El acceso a la vivienda se ha convertido en uno de los principales problemas sociales de 2025. Según datos del Instituto Nacional de Estadística y Censos (INDEC), más del 42% de los hogares urbanos alquila, la cifra más alta en dos décadas. En el último año, los precios de los alquileres subieron un 185% promedio, muy por encima del aumento de salarios registrados, lo que llevó a miles de familias a destinar más del 45% de sus ingresos a pagar la renta mensual.

En las grandes ciudades, especialmente Buenos Aires, Rosario y Córdoba, la escasez de oferta y la alta demanda empujan los valores hacia niveles récord. El mercado inmobiliario se ajusta tras la derogación de la Ley de Alquileres, pero los contratos cortos, la dolarización de los valores y la informalidad siguen generando tensiones. Organizaciones de inquilinos denuncian abusos y falta de regulación efectiva, mientras que propietarios reclaman previsibilidad económica y menor carga impositiva.

El déficit habitacional estructural alcanza a más de 3,6 millones de hogares, de los cuales 1,2 millones necesitan una vivienda nueva. Los créditos hipotecarios siguen prácticamente paralizados por la inestabilidad financiera y la inflación. Programas como Procrear intentan reactivarse, pero con escaso alcance frente a la magnitud del problema. En muchos casos, las cooperativas y proyectos autogestivos se convierten en alternativas de acceso a la vivienda para sectores de ingresos medios y bajos.

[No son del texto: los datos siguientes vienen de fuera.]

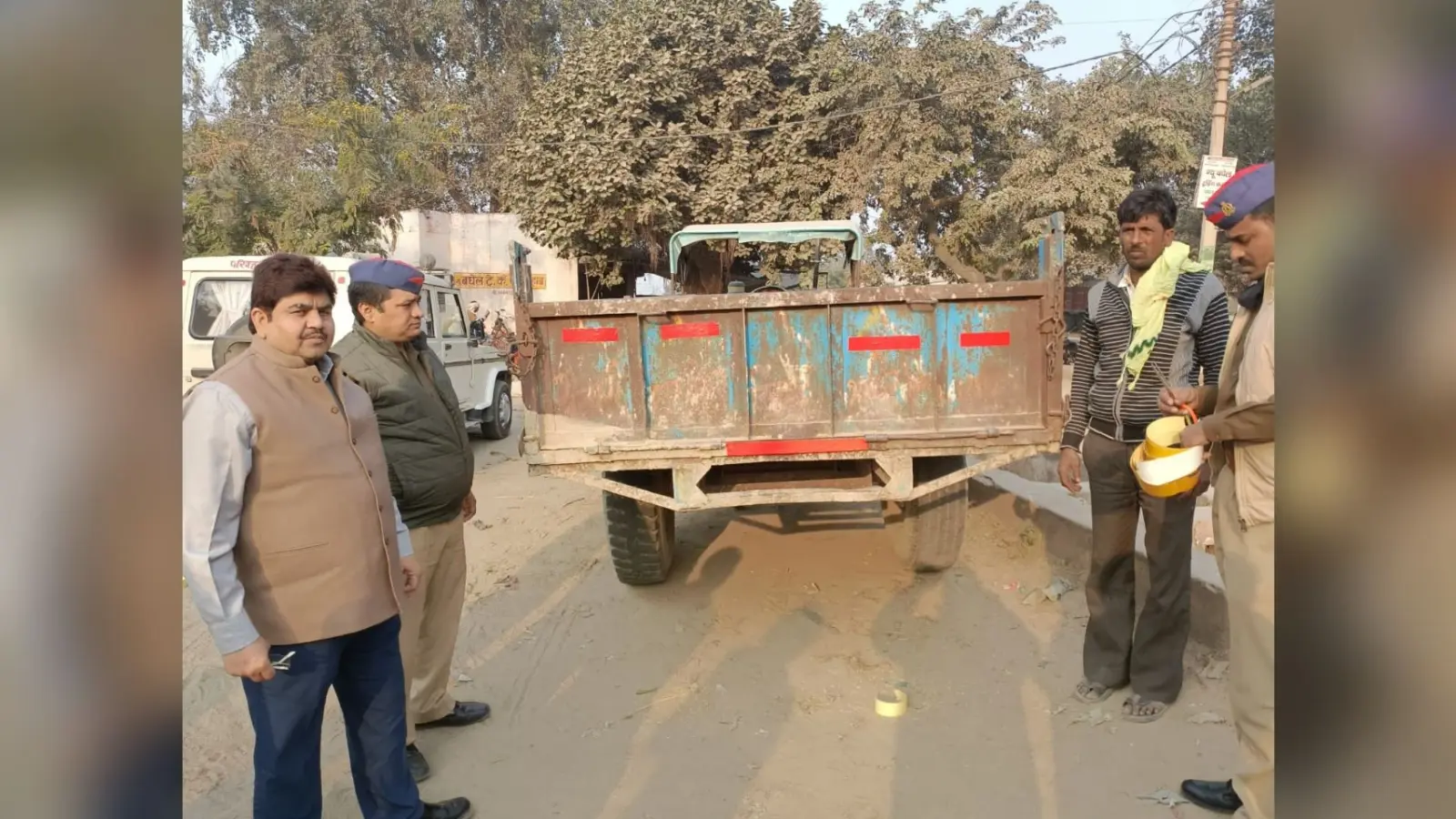 Aligarh News: ट्रैक्टर-ट्रॉलियों में लग रहे रेट्रो-रिफ्लेक्टिव टेप, जानें वजह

En el conurbano bonaerense, el fenómeno de los alquileres informales y las construcciones precarias crece. El 12% de la población vive en villas o asentamientos, según el Registro Nacional de Barrios Populares. La falta de infraestructura básica y de títulos de propiedad agrava la situación social y sanitaria. El Estado intenta avanzar en la urbanización, pero los recursos asignados resultan insuficientes ante la expansión constante de la pobreza urbana.

El aumento del costo de vida y la caída del poder adquisitivo afectan también al mercado de materiales de construcción, que registró subas del 140% anual. Esto encarece tanto las obras privadas como los programas públicos. Las cámaras empresarias del sector piden incentivos fiscales y financiamiento para la construcción de viviendas accesibles, argumentando que podría dinamizar la economía y generar empleo formal.

La crisis habitacional se consolida así como un desafío estructural que trasciende gobiernos y coyunturas. Expertos coinciden en que se requiere una política de Estado sostenida, con planificación territorial, crédito accesible y control de alquileres. Sin una respuesta integral, el derecho a la vivienda continuará siendo una deuda pendiente en un país donde tener techo propio se ha vuelto un privilegio cada vez más distante.